Quand évoquer une poussée hypertensive ?
De nombreux signes peuvent évoquer une poussée d’hypertension, mais les symptômes les plus fréquemment évoqués sont les céphalées matinales, les sensations ébrieuses, les épistaxis, les acouphènes et la nervosité. Dans une étude allemande qui a regroupé près de 4 000 médecins généralistes et plus de 50 000 patients hypertendus, le nombre de symptômes ont augmenté avec la sévérité de l’hypertension, mais seules les céphalées et les vertiges ont été significativement corrélés aux chiffres de pression artérielle diastolique en soins primaires (1).
Pas toujours une urgence.
En fonction des chiffres tensionnels et des signes associés, deux types de poussées tensionnelles peuvent être dissociés. L’élévation tensionnelle (› 180/110 mmHg) sans souffrance viscérale ne met pas en jeu le pronostic vital. Elle ne doit pas être confondue avec l’élévation tensionnelle avec souffrance viscérale. Dans ce dernier cas, les chiffres tensionnels sont plus élevés (› 200/130 mmHg) et la souffrance viscérale peut se traduire par des signes neurologiques (AVC ischémique ou hémorragique, encéphalopathie) ou par des signes cardiovasculaires (dissection de l’aorte, œdème aigu du poumon, angor instable). Le pronostic vital est en jeu : c’est l’urgence hypertensive vraie (UHV).
Selon le recueil des urgences de Turin, les urgences hypertensives dans leur ensemble ne représentent que 3 % des urgences médico-chirurgicales et parmi celles-ci, 25 % seulement sont des UHV avec souffrance viscérale (AVC : 24 %, œdème aigu du poumon – OAP : 23 %, encéphalopathie : 16 %) (2). Les autres sont des poussées tensionnelles sans souffrance viscérale. À noter que les patients sont arrivés aux Urgences sans connaître leur hypertension dans 25 % des UHV et dans 8 % des poussées tensionnelles simples.

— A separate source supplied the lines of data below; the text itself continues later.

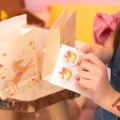 TOREBKI NA SŁODYCZE KONIKI BEŻOWE 6szt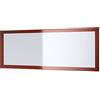 Vladon Specchio Lima, Specchio da Parete con Cornice Moderna, Bianco Lucido (139 x 55 cm)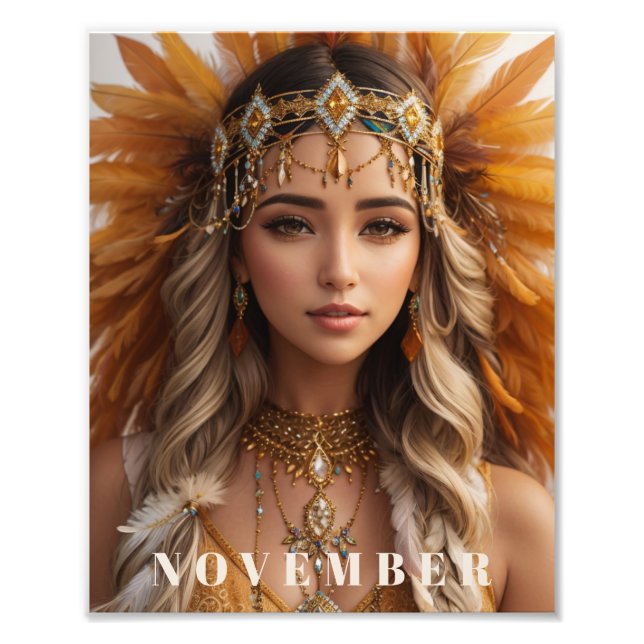 Foto *~* NOVEMBRO AP53 Aniversário Topaz Birthstone (Frente)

Une étude de même type réalisée à Paris (Hôtel-Dieu) a relevé que parmi les 3,6 % de passages aux Urgences dus à une PA élevée, 8 % étaient des UHV et 92 % des poussées tensionnelles simples (3). Même si ces deux études donnent des résultats un peu différents (ce qui pourrait s’expliquer par une définition plus stricte de l’UHV dans l’étude parisienne), les deux sources concordent pour constater une très forte prévalence des poussées tensionnelles simples.
Que faire en pratique ?
L’attitude à avoir devant une poussée tensionnelle dépend de la présence ou non de signes de souffrance viscérale associés. En cas de poussée tensionnelle simple, un repos de quelques heures avec une surveillance du patient et réévaluation après la phase de repos sont suffisants. Si les valeurs de la PA restent élevées, les recommandations concernant la prise en charge de l’hypertension artérielle s’appliquent. « Pas de traitement d’action rapide par voie orale ou injectable, rappelle Bruno Schnebert. La nifédipine per os peut induire une hypotension symptomatique avec sévère ischémie cérébrale ou cardiaque (4). Un traitement oral progressif est recommandé. » L’urgence hypertensive vraie avec souffrance viscérale n’est pas du ressort de la médecine nécessite et nécessite le transfert vers une unité de soins intensifs. En attendant, le bilan initial est capital et il est important de réunir les éléments du diagnostic (antécédents, PA initiale, description de la souffrance viscérale, recensement des traitements antérieurs). « Dans ce cas-là aussi, la capsule de nifédipine orale ou sublinguale est contre-indiquée. En cas de déficit neurologique, aucun traitement ne doit être prescrit. En cas d’OAP ou de douleur thoracique, un diurétique ou un dérivé nitré peuvent être préconisés. »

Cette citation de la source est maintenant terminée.